Monday, December 29, 2008

One RIA Framework to Rule Them All

I took some time on this holiday break to start experimenting with Silverlight and Flex, neither of which I have any experience with. While I was toying around with them I started thinking about the dizzying number of the RIA framework options.

With Silverlight I really liked developing in Visual Studio, it was intuitive and fast. I also liked that fact that I could use XAML to markup the layout, then back it up with C# for the event handling.

Flex looks good too. I especially like the fact that you can mark up your presentation in an XML format (MXML), similar to XAML. I am not a fan of ActionScript though, but I will have to see how east the IDE makes editing the code when I get that far.

Then there is GWT. Well, I liked that so much that I wrote a book about it. I like the fact that I can used my editor of choice (Eclipse), code in Java, and it is open and free.

I once used Ext-JS on a large project, and although it looked great it was extremely painful. When I got done the code was completely unmaintainable.

I have also dealt with Scriptaculous, Prototype, DWR, and other tools over the years, but for smaller projects that probably can't be considered RIAs.

Then there is Wicket, Echo2, blah, blah, blah... so many to choose from!

So which is best? I am partial to GWT, mostly because I know it the best, and it is free and has a great community. On the other hand, I could get used to Silverlight (although the cost can be prohibitive).

If you have an opinion I would like to hear it.

Wednesday, December 24, 2008

Developing Applications more Efficiently

Your boss walks up to you and says, "we need to be more efficient". This seems reasonable; efficiency lowers costs, and assuming you don't sacrifice quality, who in their right mind would argue that this is a bad thing. But now think about it a little. How can you improve efficiency without being able to measure it? And how do you go about measuring efficiency when it comes to building software? That is what I want to discuss today.

The opening sentence in Tom DeMarco's Controlling Software Projects says, "You can't control what you can't measure". Robert L. Glass counters this in Facts and Fallacies of Software Engineering arguing that this is a fallacy. Both are well respected practitioners and authors in the field. So who is right?

Digging deeper into metrics you find the word "subjective" used a lot. DeMarco in his book Deadline even says, "don't sweat the units - while you're waiting to achieve objective metrifications, use subjective units". And then there is the cost of gathering these metrics.

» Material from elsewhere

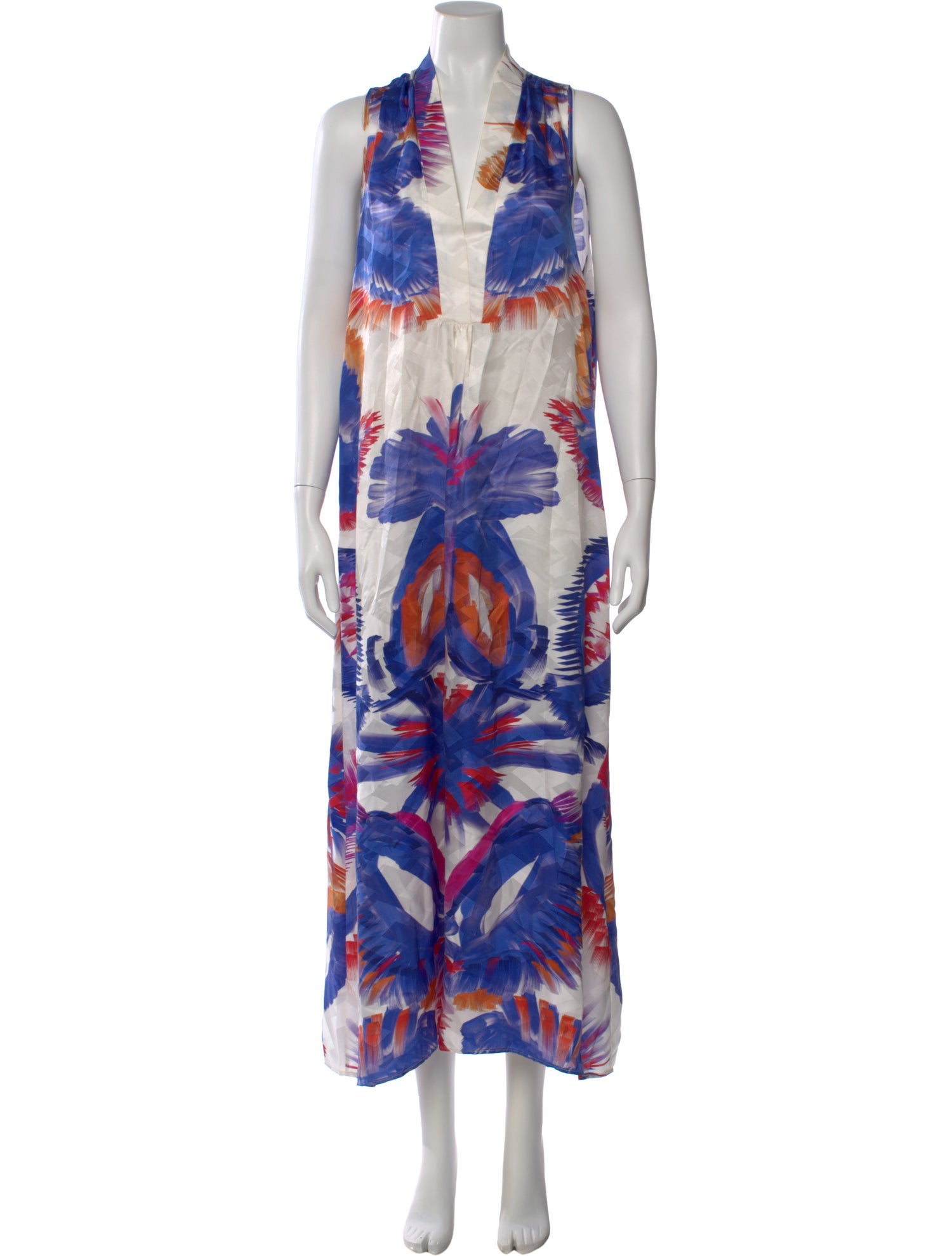 Rianna + Nina Silk Long Dress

Robert Glass notes in his book that studies at NASA-Goddard found the cost gathering and processing metrics to be 7 to 9 percent of the project. Even though there are those that say that metrics provides a valuable benefit, from the outside it feels like that they are losing efficiency in order to measure a subjective value.

I am not dismissing the value of metrics, but I am arguing that it might not always be the best approach. For small teams working on small projects it may be difficult or impossible to define a "function point", one of the popular metrics used for analysis. Perhaps there is an alternative. What if you measured efficiency by the perceived value of changes in procedures. It is still subjective, but does not carry the overhead of other methods.

I think it may help to understand my thinking if I provided a concrete example. Let's say that most of the work you do are small browser-based applications, and each of them is constructed in a similar manner. They typically all use Hibernate and Spring, use the same security framework, always use Velocity for generating emails, use JNDI, external properties for configuration, and a dozen other similarities. Now let's say that you do this often enough to know that it takes about 45 minutes to setup a new project, and that you will probably build 20 or so applications like this in the next year. So we could reasonably put a number of 15 hours spent per year on setup, and that number is much higher if you need to teach others how to do the setup. Based on this, if you spent a couple of hours building a prototype project, or perhaps a couple of them, you have become more efficient.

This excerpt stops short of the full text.